• _Supplied data_

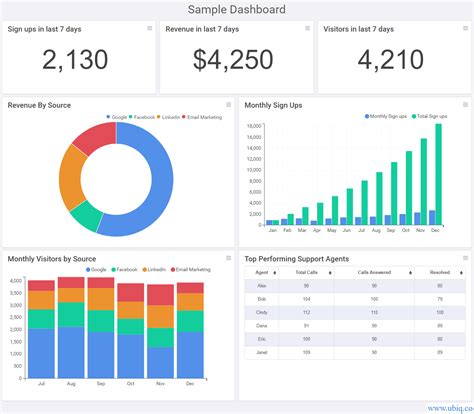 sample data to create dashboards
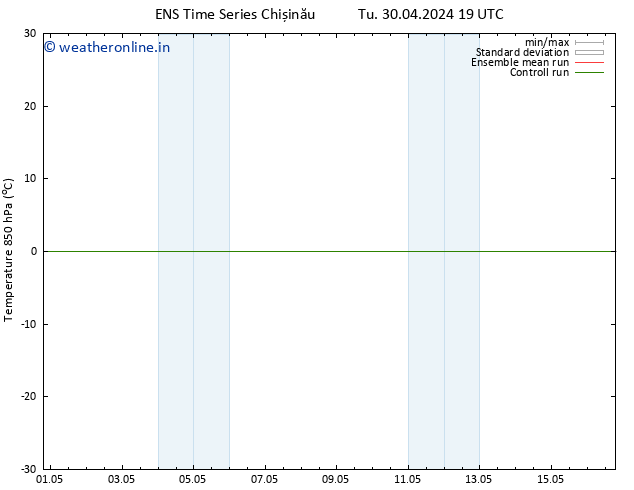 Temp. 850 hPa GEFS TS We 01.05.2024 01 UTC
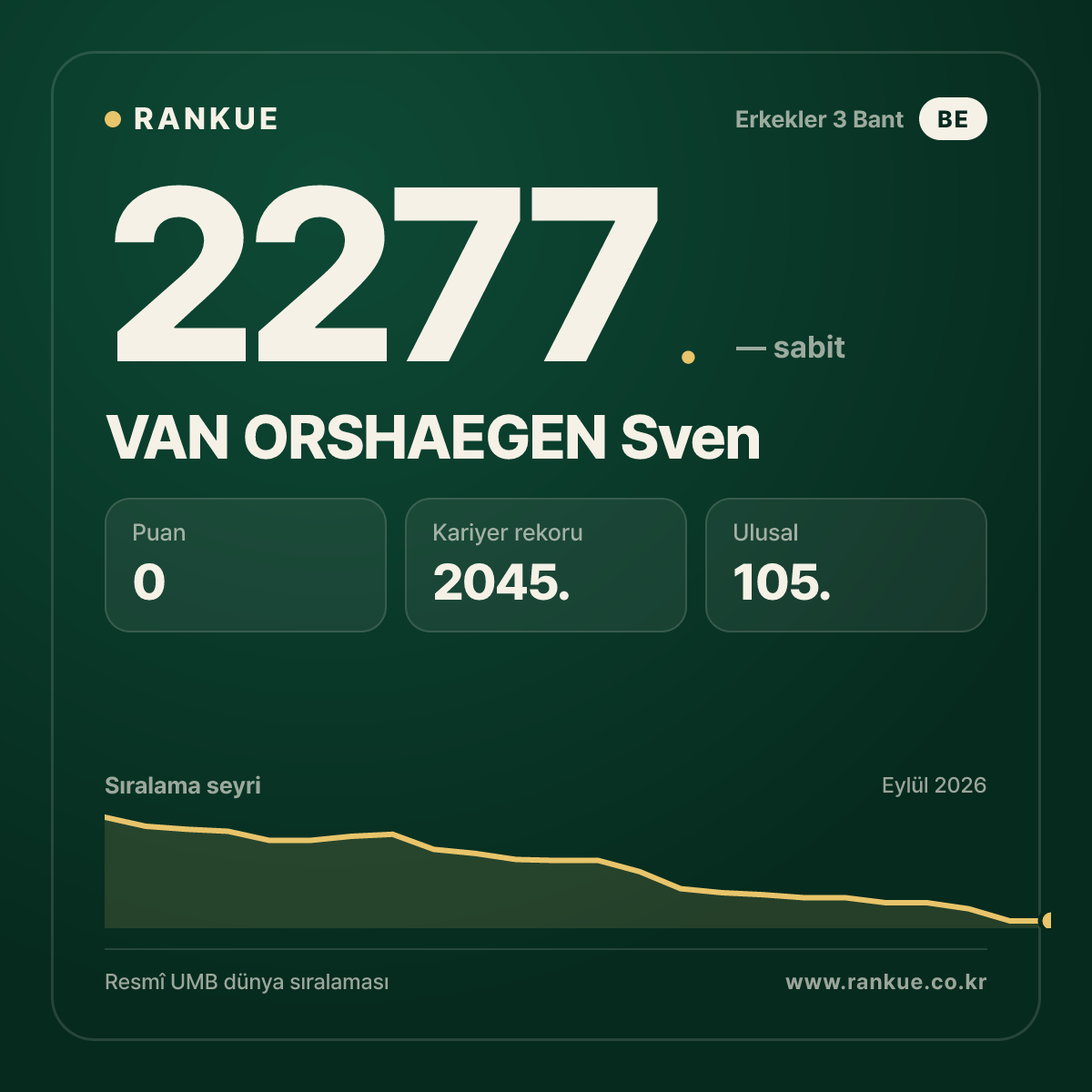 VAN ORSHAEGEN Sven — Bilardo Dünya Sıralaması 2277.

• _Assignment_
All lines above are to be restated word for word, with pictures excluded.

• _Exercise result_
 sample data to create dashboards
 Temp. 850 hPa GEFS TS We 01.05.2024 01 UTC
 VAN ORSHAEGEN Sven — Bilardo Dünya Sıralaması 2277.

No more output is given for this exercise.